* _What is expected_
Please give back, exactly as written, only the line containing "Bionet: Monitor Fetal" and every line after it until the data below ends.

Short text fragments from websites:
== Segment start ==

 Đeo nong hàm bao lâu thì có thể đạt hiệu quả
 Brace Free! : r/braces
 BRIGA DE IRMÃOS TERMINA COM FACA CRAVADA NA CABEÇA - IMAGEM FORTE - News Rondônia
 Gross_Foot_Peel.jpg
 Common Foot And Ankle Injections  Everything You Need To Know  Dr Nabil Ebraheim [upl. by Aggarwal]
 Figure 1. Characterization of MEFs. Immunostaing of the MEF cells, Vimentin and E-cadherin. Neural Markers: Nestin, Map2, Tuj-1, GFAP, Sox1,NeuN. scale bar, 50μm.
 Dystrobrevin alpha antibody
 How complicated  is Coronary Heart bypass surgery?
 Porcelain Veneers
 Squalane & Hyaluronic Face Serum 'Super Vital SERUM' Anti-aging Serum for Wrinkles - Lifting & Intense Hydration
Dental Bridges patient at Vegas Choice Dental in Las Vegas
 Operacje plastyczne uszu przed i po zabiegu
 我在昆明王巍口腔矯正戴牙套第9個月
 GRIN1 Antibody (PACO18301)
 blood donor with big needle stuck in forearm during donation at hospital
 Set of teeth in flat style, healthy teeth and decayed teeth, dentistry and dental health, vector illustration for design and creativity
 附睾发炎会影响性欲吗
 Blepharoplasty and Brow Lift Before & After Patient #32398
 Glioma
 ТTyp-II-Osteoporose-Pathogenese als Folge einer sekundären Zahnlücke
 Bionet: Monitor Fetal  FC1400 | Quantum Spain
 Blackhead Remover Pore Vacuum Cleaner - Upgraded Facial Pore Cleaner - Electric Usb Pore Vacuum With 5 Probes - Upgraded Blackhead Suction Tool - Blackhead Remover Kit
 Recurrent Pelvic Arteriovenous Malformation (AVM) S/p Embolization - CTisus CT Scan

== Segment end ==

* _Finished exercise_
 Bionet: Monitor Fetal  FC1400 | Quantum Spain
 Blackhead Remover Pore Vacuum Cleaner - Upgraded Facial Pore Cleaner - Electric Usb Pore Vacuum With 5 Probes - Upgraded Blackhead Suction Tool - Blackhead Remover Kit
 Recurrent Pelvic Arteriovenous Malformation (AVM) S/p Embolization - CTisus CT Scan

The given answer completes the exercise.